The Federal Reserve is now fighting the strongest inflationary environment since the 1980s, and pressure is mounting for the Federal Open Market Committee (FOMC) to begin not just tapering asset purchases, but hiking interest rates.

Gerald Celente, publisher of The Trends Journal told Michelle Makori, editor-in-chief of Kitco News, that should an “artificially low” interest rate policy end, disaster would hit global financial markets.

“When [the Fed] starts raising interest rates seriously, this thing is going to go down big and it’s going to go down hard,” Celente said. “I believe they’re going to [raise rates] sooner rather than later, near the beginning of the year, in January, February, and they’re going to do it step by step, they’re going to play the markets out. I believe we’re going to get through a lot of 2022 in moderately good shape. My hit point is where the Fed gets interest rates up to 1.5%. That’s going to be the end.”

“The end” refers to a meltdown of risk assets like equities.

Celente’s comments come as inflation data for November was released last week, with headline CPI coming in at 6.8%, the highest since 1982.

The Fed has announced plans to taper Treasuries and mortgage-backed security purchases in November but has not yet declared a timeline for hiking the Fed Funds rate, with Fed Chair Jerome Powell indicating that full employment is a prerequisite for lift-off to happen.

Celente noted that the economic growth is also likely to start slowing down significantly and enter a period of “dragflation”, a term he uses to describe a situation even worse than stagflation.

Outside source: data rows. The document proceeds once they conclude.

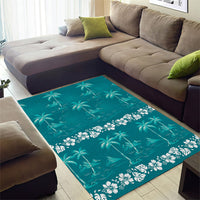 Cyan Hawaii Palm Tree Hibiscus Area Rug Fantasy Summer Vibe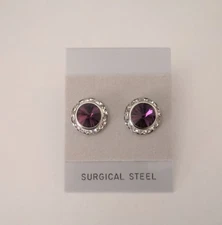 PETITE AMYTHEST PIERCED EARRINGS  horse show number magnets Rivoli Crystals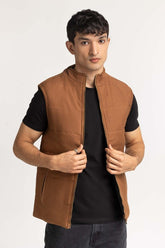 Brown Knitted Vest MN-KNV-WS23-003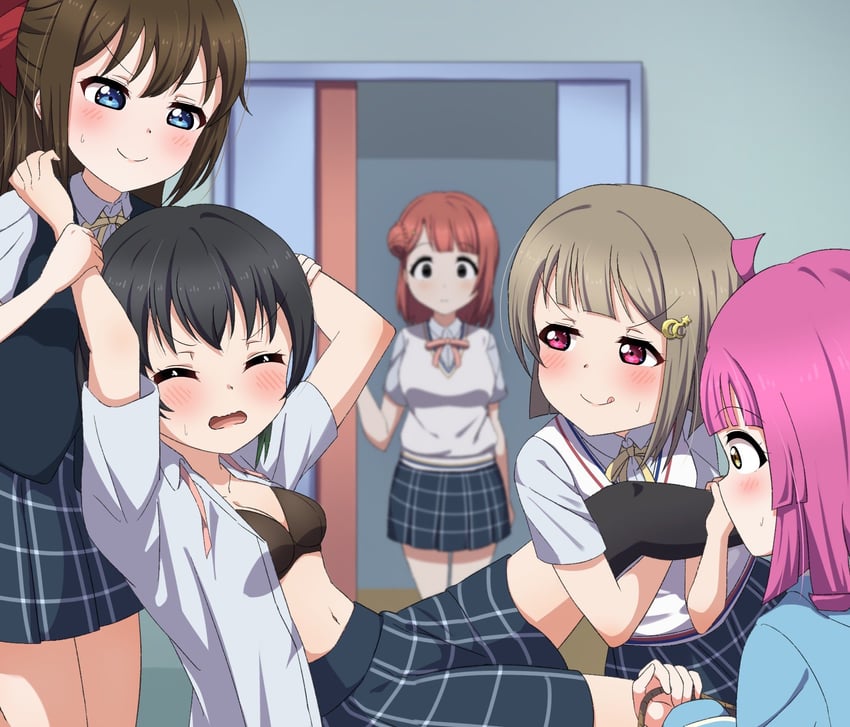 uehara ayumu, takasaki yu, osaka shizuku, tennoji rina, and nakasu kasumi (love live! and 1 more) drawn by buson_(buson0629)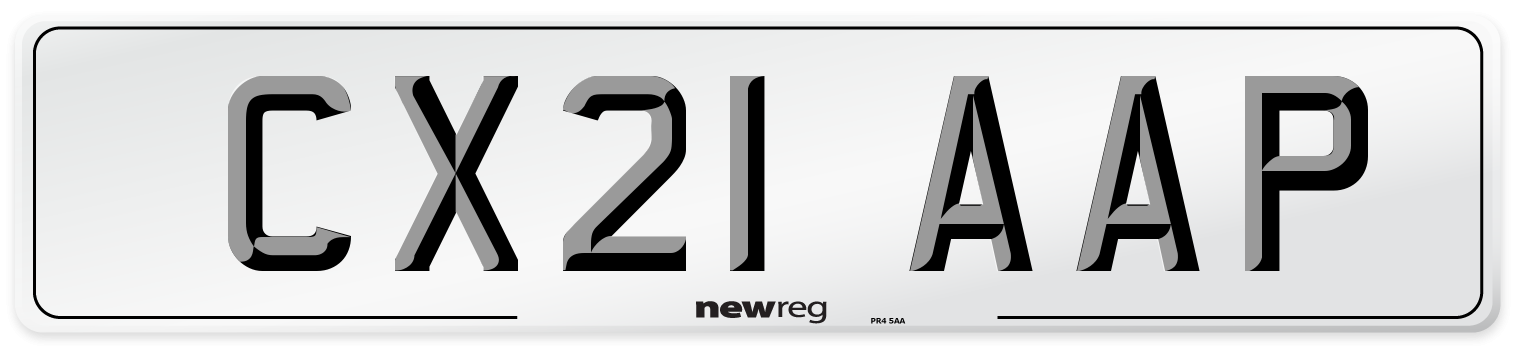 CX21 AAP Number Plate from New Reg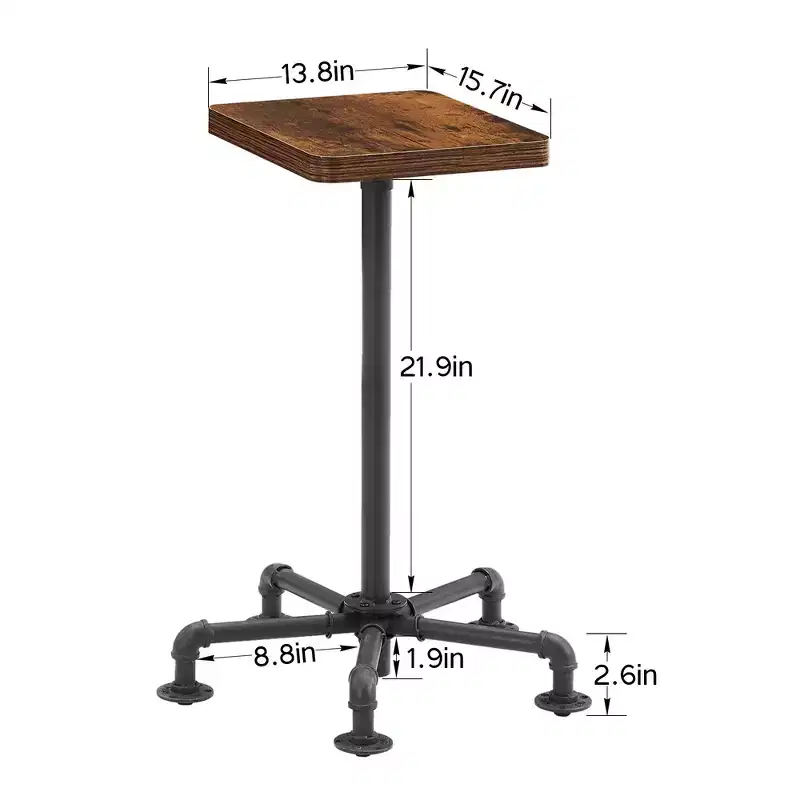 Counter Height Bar Stools Set of 2, Dining Chairs with Back Legs for Home or Kitchen, Easy Assembly, Brown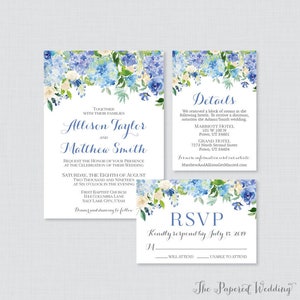 Printable OR Printed Wedding Invitation Suite - Blue Hydrangea Wedding Invitation Package - Blue and White Flower Wedding Invites 0022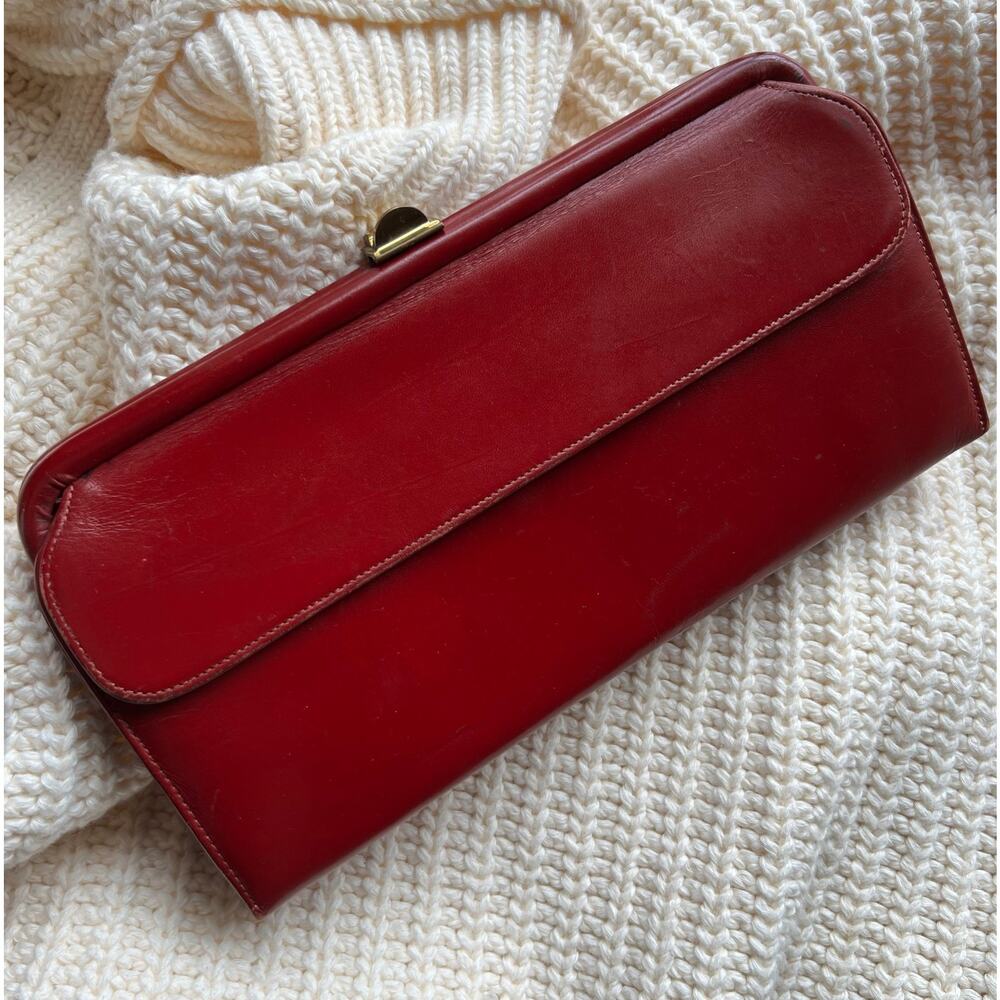 Vintage 1970s Companion Red Leather Clutch Bag Brass Turn Lock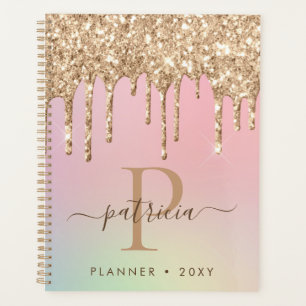 Glam Gold Glitzer Tropfen Elegantes Monogramm Planer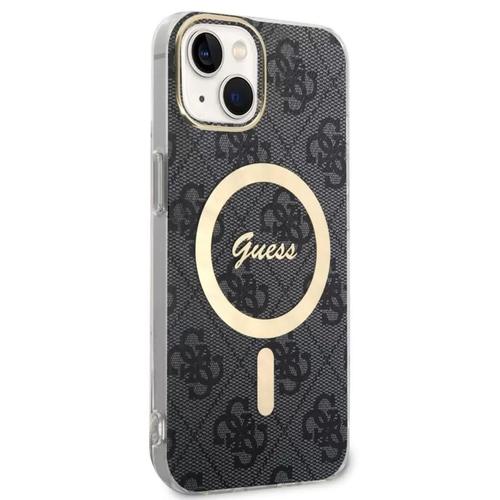 Husa Protectie Spate Guess 4G MagSafe pentru Apple iPhone 15 (Negru)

“All of the countless trillions of dollars that they’ve pumped into the economy to artificially boost it up is what’s pushing up inflation,” he said. “Dragflation is…it’s not going to be a stagnant economy, or stagflation, the economy is going down as inflation continues to go up.”

On precious metals, Celente said that capital flows that should have gone into the metals this year were diverted into cryptocurrencies, but prices for both gold and silver look attractive at current levels.

As of Monday, spot gold traded at $1,786.50 an ounce while silver traded at $22.50 an ounce.

Cryptocurrencies will continue to climb higher in the short-term, Celente added, although downside risks remain, especially if Bitcoin tests the lower bound of $25,000.

“I could see it going back down to $8,000,” he said. “But I don’t see it going away. The only way I see cryptocurrencies going out is if governments ban them.”

On top trends to follow for 2022, Celente said that one of the most important technological innovations to watch for is the metaverse.

Some of the industries that will benefit from the growing metaverse trend are healthcare, education, and communications, he said.